A slight touch of paranoia could have helped the crew of Prometheus. I mean, who takes a casual two and a half-year long stroll through space to meet their ‘makers’ and not expect even the tiniest hint of the ever potent parental eyebrow raising? Or that our existence has as much meaning as we choose to pour into it, which is a nicer way of saying on a grand scale we resemble specks of dust: pretty to look at when caught in a stray beam of sunlight but a pain to get rid of. I am going to side with the android in this case and repeat his sentiments on the rocky relationship between creation and creator: we create because we can. There is no grander scheme in play, no deeper meaning in watching a crawling species take its first step other than the curiosity that has driven our thirst to know more, to peel back the skin and prod at the flesh. Perhaps it’s this bitter disappointment in finding that we were merely just another toy for a bored child we begin to hate our creator with even more passion. Like a child asking their parent why they aren’t good enough to love.
I feel I should specify that when I talk of creator or creation it’s entirely from a philosophical point and has more to do with my musings from the film as opposed to any particular religion.
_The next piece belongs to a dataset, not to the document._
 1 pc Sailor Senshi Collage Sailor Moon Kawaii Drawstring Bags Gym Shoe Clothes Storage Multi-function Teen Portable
So where were we before this detour into creator and creation? Ah yes, paranoia. As many of you know I am more or less a paranoid being. My backup plans have their own backup plans, or so I like to say. And justifiably so. Some of the burden of this sense of paranoia lies with my anxiety disorder, or is it the other way around? One may never know. What I do know is this: after watching Prometheus this week I am kind of glad I have that nagging voice at the back of my head telling me to have an exit strategy planned. It doesn’t have to be a concrete plan, it just has to have the barebones to work when shit hits the fan, which it eventually will (this is basically what my brain thinks by default). In my case the assurance of a Plan B can be more comforting than the original plan succeeding. It is a rather bizarre notion to understand if you don’t have a similar worst-case-scenario mapped in your head for most things.
I’ll be honest, it is a pain to unintentionally wait for the other shoe to drop. It takes a toll on your mind and at times on your relationship with other people. But, and this is a rather big but for me: it helps as well. And not just to high tail out of your alien overlord’s house. I am far more prepared to power down and rethink my strategies while I tweak existing backup plans to make something work. This applies to anything from a lab protocol to my day-to-day budgeting. Hell, it even works when I am going out for the night with a strip of paracetamol in my purse. I don’t usually get the muscle ache that comes from dancing on heels but like I said, one may never know.
So if you share a similar state of paranoia on all things outside your realm of control, make yourself a nice cup of vanilla chai latte and take comfort that should our alien overlords come to smack some sense into us, you will probably last a few minutes longer than most because you knew to look behind you for scaly, tall creatures with rows of teeth. Just a thought.